* _Records from a collection_
*****
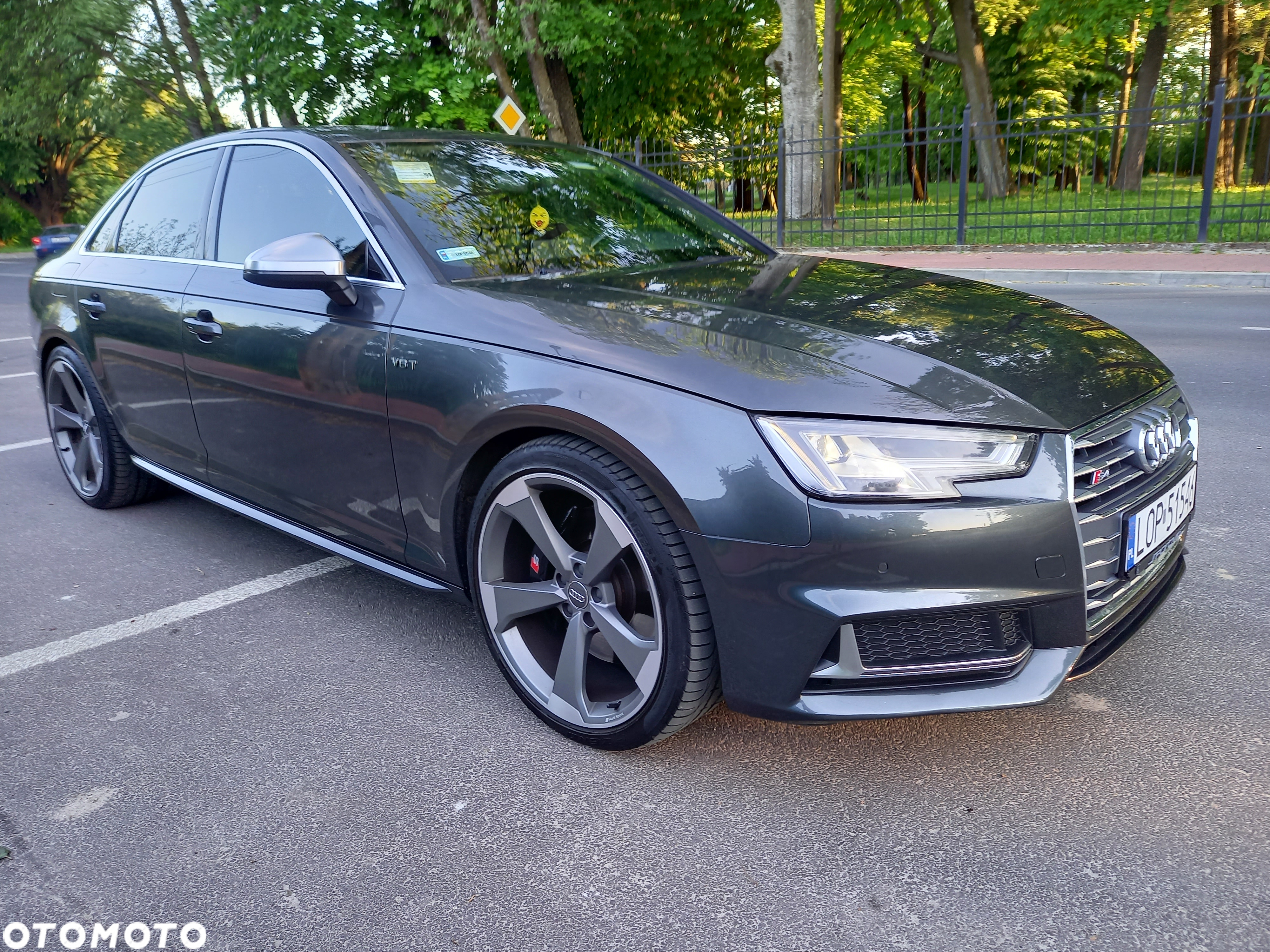 Audi S4 3.0 TFSI Quattro Tiptronic - 31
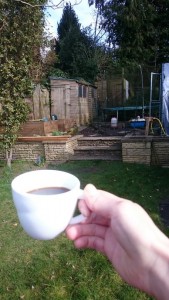 What better way to start the day than with a cup of TrueStart Coffee
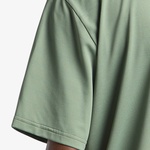 Jack Wolfskin Delgami Polo M Erkek Yeşil T-Shirt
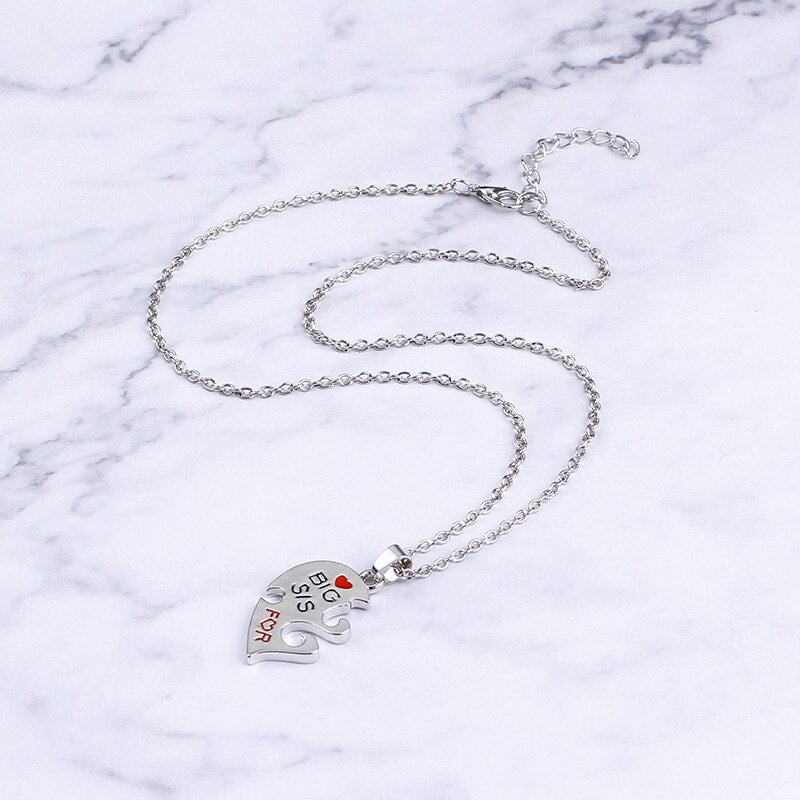 Schwestern Kette Rätsel Für immer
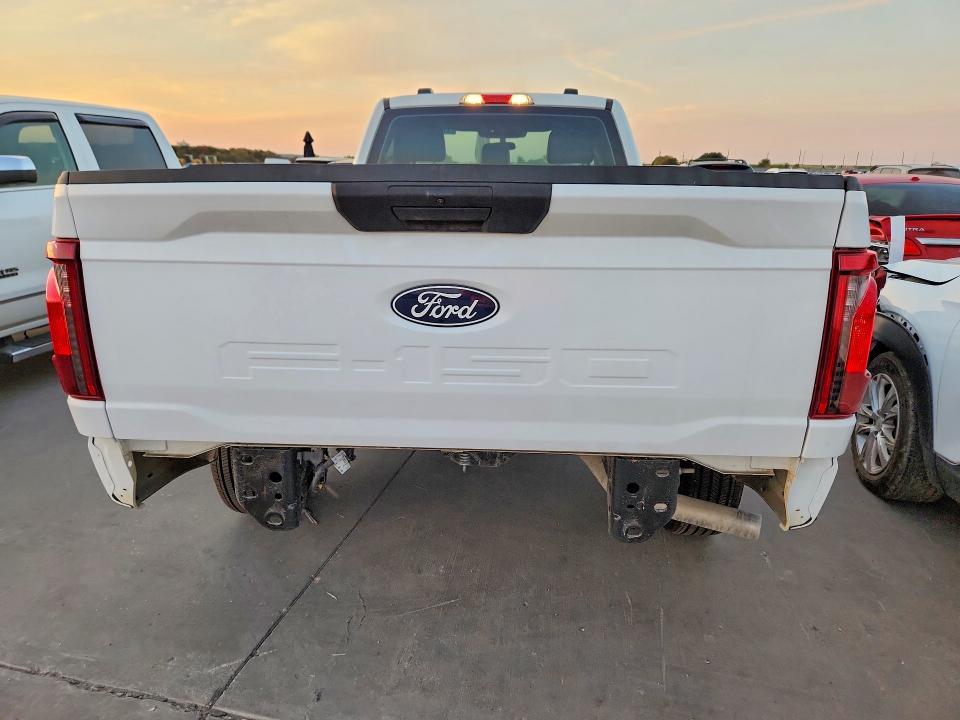 71034866 :رقم المزاد ، 1FTMF1KP2SKF67172 vin ، 2025 Ford F150 مزاد بيع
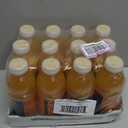 vitaminwater Essential Orange-Orange, Flavored Water Beverage, 20 fl oz Bottles, 12 Pack BB Date: 1/12/26 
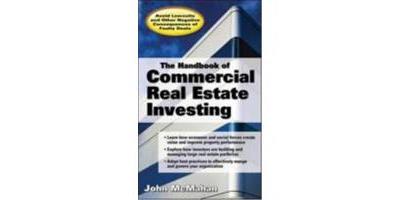 HANDBOOK OF COMMERCIAL REAL ESTATE INVESTING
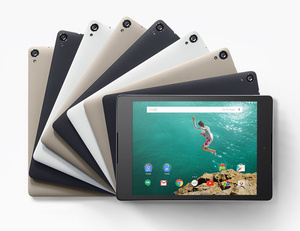 Google, T-Mobile make Nexus 9 with LTE available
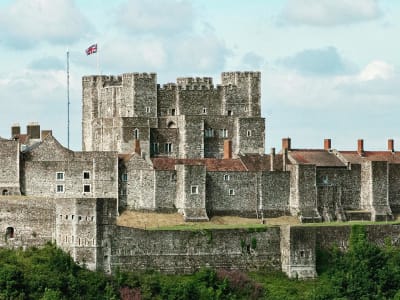 Visita guiada de un día a Canterbury y Dover desde Londres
*****
* _ASSIGNMENT_
Retype the records above exactly, and keep any picture out of what you write.

* _SOLUTION FOR THIS PROBLEM_
 Audi S4 3.0 TFSI Quattro Tiptronic - 31
 What better way to start the day than with a cup of TrueStart Coffee
 Jack Wolfskin Delgami Polo M Erkek Yeşil T-Shirt
 Schwestern Kette Rätsel Für immer
 71034866 :رقم المزاد ، 1FTMF1KP2SKF67172 vin ، 2025 Ford F150 مزاد بيع
 vitaminwater Essential Orange-Orange, Flavored Water Beverage, 20 fl oz Bottles, 12 Pack BB Date: 1/12/26 
 HANDBOOK OF COMMERCIAL REAL ESTATE INVESTING
 Google, T-Mobile make Nexus 9 with LTE available
 Visita guiada de un día a Canterbury y Dover desde Londres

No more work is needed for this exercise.